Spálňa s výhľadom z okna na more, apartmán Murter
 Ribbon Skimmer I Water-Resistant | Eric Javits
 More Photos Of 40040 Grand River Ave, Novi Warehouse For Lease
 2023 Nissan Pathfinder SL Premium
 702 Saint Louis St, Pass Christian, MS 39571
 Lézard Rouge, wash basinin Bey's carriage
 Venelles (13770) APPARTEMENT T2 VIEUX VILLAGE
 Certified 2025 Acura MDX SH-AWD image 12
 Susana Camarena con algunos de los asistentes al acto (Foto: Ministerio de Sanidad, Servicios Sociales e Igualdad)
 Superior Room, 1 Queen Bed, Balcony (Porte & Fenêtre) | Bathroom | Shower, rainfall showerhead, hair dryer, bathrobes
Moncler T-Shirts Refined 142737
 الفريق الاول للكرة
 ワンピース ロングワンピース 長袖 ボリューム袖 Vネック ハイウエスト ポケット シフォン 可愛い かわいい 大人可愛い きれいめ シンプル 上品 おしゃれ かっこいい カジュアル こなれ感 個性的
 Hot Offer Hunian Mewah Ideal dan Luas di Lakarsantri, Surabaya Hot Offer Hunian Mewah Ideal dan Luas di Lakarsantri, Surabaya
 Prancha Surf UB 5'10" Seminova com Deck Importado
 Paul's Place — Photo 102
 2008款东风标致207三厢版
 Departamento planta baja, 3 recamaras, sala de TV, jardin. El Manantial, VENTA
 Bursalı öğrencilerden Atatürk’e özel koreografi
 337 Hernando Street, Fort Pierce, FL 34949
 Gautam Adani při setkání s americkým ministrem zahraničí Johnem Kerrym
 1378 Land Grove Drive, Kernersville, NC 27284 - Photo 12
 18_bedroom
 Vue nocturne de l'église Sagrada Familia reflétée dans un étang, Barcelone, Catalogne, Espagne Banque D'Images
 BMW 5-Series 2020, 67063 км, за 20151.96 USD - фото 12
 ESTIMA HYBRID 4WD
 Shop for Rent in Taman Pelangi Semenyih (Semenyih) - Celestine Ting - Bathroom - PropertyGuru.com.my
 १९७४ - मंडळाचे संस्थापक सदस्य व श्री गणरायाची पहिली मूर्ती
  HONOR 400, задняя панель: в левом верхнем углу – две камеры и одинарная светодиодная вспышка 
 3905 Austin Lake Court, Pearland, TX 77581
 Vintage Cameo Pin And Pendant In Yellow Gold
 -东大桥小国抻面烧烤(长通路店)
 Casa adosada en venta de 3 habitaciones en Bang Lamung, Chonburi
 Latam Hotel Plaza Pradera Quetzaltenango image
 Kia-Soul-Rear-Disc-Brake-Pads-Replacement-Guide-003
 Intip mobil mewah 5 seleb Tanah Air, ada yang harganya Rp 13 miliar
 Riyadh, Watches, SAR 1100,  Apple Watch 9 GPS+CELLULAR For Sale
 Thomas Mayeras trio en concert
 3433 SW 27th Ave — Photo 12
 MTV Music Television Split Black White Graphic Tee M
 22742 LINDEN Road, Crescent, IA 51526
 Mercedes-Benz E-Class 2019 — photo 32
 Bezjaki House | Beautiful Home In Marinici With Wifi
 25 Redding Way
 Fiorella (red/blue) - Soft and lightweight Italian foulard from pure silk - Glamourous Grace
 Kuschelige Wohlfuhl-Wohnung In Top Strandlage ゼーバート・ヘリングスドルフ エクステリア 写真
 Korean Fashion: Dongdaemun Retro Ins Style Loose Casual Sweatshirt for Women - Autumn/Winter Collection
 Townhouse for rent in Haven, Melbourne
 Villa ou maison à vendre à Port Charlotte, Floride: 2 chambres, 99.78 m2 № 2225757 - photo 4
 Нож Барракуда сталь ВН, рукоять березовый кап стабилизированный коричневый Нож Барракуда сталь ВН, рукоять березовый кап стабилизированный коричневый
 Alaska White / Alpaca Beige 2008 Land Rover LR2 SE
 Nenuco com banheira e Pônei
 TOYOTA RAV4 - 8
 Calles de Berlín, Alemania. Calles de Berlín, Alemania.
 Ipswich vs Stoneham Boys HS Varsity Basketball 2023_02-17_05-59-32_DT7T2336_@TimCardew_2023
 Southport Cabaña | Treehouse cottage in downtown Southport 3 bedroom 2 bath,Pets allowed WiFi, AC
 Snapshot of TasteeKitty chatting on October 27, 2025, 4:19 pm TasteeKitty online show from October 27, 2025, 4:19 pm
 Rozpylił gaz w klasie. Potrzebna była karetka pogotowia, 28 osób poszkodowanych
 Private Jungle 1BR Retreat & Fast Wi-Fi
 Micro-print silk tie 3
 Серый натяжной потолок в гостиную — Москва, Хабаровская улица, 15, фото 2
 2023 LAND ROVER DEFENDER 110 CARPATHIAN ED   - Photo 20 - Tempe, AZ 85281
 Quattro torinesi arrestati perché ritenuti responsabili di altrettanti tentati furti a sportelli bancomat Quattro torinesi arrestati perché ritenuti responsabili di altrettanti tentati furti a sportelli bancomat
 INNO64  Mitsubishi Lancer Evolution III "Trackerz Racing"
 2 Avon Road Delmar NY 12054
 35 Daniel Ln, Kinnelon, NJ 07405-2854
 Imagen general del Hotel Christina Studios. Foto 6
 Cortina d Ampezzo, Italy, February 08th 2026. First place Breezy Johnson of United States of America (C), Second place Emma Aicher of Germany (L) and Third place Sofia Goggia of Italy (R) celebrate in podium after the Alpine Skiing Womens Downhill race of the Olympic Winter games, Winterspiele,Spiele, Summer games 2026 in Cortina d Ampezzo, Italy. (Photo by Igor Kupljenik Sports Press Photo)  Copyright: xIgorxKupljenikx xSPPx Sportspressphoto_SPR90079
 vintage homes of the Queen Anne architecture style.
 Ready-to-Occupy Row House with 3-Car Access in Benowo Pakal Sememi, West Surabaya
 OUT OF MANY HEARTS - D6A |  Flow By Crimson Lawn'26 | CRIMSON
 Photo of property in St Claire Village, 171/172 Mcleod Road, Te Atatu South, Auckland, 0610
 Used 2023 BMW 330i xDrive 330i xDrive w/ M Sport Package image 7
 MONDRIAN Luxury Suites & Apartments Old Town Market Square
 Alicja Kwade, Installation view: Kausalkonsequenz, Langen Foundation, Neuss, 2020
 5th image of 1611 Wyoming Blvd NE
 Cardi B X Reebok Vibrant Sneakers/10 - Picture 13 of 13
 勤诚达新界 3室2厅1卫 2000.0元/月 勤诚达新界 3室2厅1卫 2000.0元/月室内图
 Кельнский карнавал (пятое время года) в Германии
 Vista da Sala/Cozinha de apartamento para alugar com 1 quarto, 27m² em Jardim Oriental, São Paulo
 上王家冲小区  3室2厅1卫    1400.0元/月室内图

□ □ □ □ □ □ □

*DIRECTIONS FOR THIS TASK:*
The output is every entry, printed exactly as it reads.

*WRITTEN SOLUTION:*
Spálňa s výhľadom z okna na more, apartmán Murter
 Ribbon Skimmer I Water-Resistant | Eric Javits
 More Photos Of 40040 Grand River Ave, Novi Warehouse For Lease
 2023 Nissan Pathfinder SL Premium
 702 Saint Louis St, Pass Christian, MS 39571
 Lézard Rouge, wash basinin Bey's carriage
 Venelles (13770) APPARTEMENT T2 VIEUX VILLAGE
 Certified 2025 Acura MDX SH-AWD image 12
 Susana Camarena con algunos de los asistentes al acto (Foto: Ministerio de Sanidad, Servicios Sociales e Igualdad)
 Superior Room, 1 Queen Bed, Balcony (Porte & Fenêtre) | Bathroom | Shower, rainfall showerhead, hair dryer, bathrobes
Moncler T-Shirts Refined 142737
 الفريق الاول للكرة
 ワンピース ロングワンピース 長袖 ボリューム袖 Vネック ハイウエスト ポケット シフォン 可愛い かわいい 大人可愛い きれいめ シンプル 上品 おしゃれ かっこいい カジュアル こなれ感 個性的
 Hot Offer Hunian Mewah Ideal dan Luas di Lakarsantri, Surabaya Hot Offer Hunian Mewah Ideal dan Luas di Lakarsantri, Surabaya
 Prancha Surf UB 5'10" Seminova com Deck Importado
 Paul's Place — Photo 102
 2008款东风标致207三厢版
 Departamento planta baja, 3 recamaras, sala de TV, jardin. El Manantial, VENTA
 Bursalı öğrencilerden Atatürk’e özel koreografi
 337 Hernando Street, Fort Pierce, FL 34949
 Gautam Adani při setkání s americkým ministrem zahraničí Johnem Kerrym
 1378 Land Grove Drive, Kernersville, NC 27284 - Photo 12
 18_bedroom
 Vue nocturne de l'église Sagrada Familia reflétée dans un étang, Barcelone, Catalogne, Espagne Banque D'Images
 BMW 5-Series 2020, 67063 км, за 20151.96 USD - фото 12
 ESTIMA HYBRID 4WD
 Shop for Rent in Taman Pelangi Semenyih (Semenyih) - Celestine Ting - Bathroom - PropertyGuru.com.my
 १९७४ - मंडळाचे संस्थापक सदस्य व श्री गणरायाची पहिली मूर्ती
  HONOR 400, задняя панель: в левом верхнем углу – две камеры и одинарная светодиодная вспышка 
 3905 Austin Lake Court, Pearland, TX 77581
 Vintage Cameo Pin And Pendant In Yellow Gold
 -东大桥小国抻面烧烤(长通路店)
 Casa adosada en venta de 3 habitaciones en Bang Lamung, Chonburi
 Latam Hotel Plaza Pradera Quetzaltenango image
 Kia-Soul-Rear-Disc-Brake-Pads-Replacement-Guide-003
 Intip mobil mewah 5 seleb Tanah Air, ada yang harganya Rp 13 miliar
 Riyadh, Watches, SAR 1100,  Apple Watch 9 GPS+CELLULAR For Sale
 Thomas Mayeras trio en concert
 3433 SW 27th Ave — Photo 12
 MTV Music Television Split Black White Graphic Tee M
 22742 LINDEN Road, Crescent, IA 51526
 Mercedes-Benz E-Class 2019 — photo 32
 Bezjaki House | Beautiful Home In Marinici With Wifi
 25 Redding Way
 Fiorella (red/blue) - Soft and lightweight Italian foulard from pure silk - Glamourous Grace
 Kuschelige Wohlfuhl-Wohnung In Top Strandlage ゼーバート・ヘリングスドルフ エクステリア 写真
 Korean Fashion: Dongdaemun Retro Ins Style Loose Casual Sweatshirt for Women - Autumn/Winter Collection
 Townhouse for rent in Haven, Melbourne
 Villa ou maison à vendre à Port Charlotte, Floride: 2 chambres, 99.78 m2 № 2225757 - photo 4
 Нож Барракуда сталь ВН, рукоять березовый кап стабилизированный коричневый Нож Барракуда сталь ВН, рукоять березовый кап стабилизированный коричневый
 Alaska White / Alpaca Beige 2008 Land Rover LR2 SE
 Nenuco com banheira e Pônei
 TOYOTA RAV4 - 8
 Calles de Berlín, Alemania. Calles de Berlín, Alemania.
 Ipswich vs Stoneham Boys HS Varsity Basketball 2023_02-17_05-59-32_DT7T2336_@TimCardew_2023
 Southport Cabaña | Treehouse cottage in downtown Southport 3 bedroom 2 bath,Pets allowed WiFi, AC
 Snapshot of TasteeKitty chatting on October 27, 2025, 4:19 pm TasteeKitty online show from October 27, 2025, 4:19 pm
 Rozpylił gaz w klasie. Potrzebna była karetka pogotowia, 28 osób poszkodowanych
 Private Jungle 1BR Retreat & Fast Wi-Fi
 Micro-print silk tie 3
 Серый натяжной потолок в гостиную — Москва, Хабаровская улица, 15, фото 2
 2023 LAND ROVER DEFENDER 110 CARPATHIAN ED   - Photo 20 - Tempe, AZ 85281
 Quattro torinesi arrestati perché ritenuti responsabili di altrettanti tentati furti a sportelli bancomat Quattro torinesi arrestati perché ritenuti responsabili di altrettanti tentati furti a sportelli bancomat
 INNO64  Mitsubishi Lancer Evolution III "Trackerz Racing"
 2 Avon Road Delmar NY 12054
 35 Daniel Ln, Kinnelon, NJ 07405-2854
 Imagen general del Hotel Christina Studios. Foto 6
 Cortina d Ampezzo, Italy, February 08th 2026. First place Breezy Johnson of United States of America (C), Second place Emma Aicher of Germany (L) and Third place Sofia Goggia of Italy (R) celebrate in podium after the Alpine Skiing Womens Downhill race of the Olympic Winter games, Winterspiele,Spiele, Summer games 2026 in Cortina d Ampezzo, Italy. (Photo by Igor Kupljenik Sports Press Photo)  Copyright: xIgorxKupljenikx xSPPx Sportspressphoto_SPR90079
 vintage homes of the Queen Anne architecture style.
 Ready-to-Occupy Row House with 3-Car Access in Benowo Pakal Sememi, West Surabaya
 OUT OF MANY HEARTS - D6A |  Flow By Crimson Lawn'26 | CRIMSON
 Photo of property in St Claire Village, 171/172 Mcleod Road, Te Atatu South, Auckland, 0610
 Used 2023 BMW 330i xDrive 330i xDrive w/ M Sport Package image 7
 MONDRIAN Luxury Suites & Apartments Old Town Market Square
 Alicja Kwade, Installation view: Kausalkonsequenz, Langen Foundation, Neuss, 2020
 5th image of 1611 Wyoming Blvd NE
 Cardi B X Reebok Vibrant Sneakers/10 - Picture 13 of 13
 勤诚达新界 3室2厅1卫 2000.0元/月 勤诚达新界 3室2厅1卫 2000.0元/月室内图
 Кельнский карнавал (пятое время года) в Германии
 Vista da Sala/Cozinha de apartamento para alugar com 1 quarto, 27m² em Jardim Oriental, São Paulo
 上王家冲小区  3室2厅1卫    1400.0元/月室内图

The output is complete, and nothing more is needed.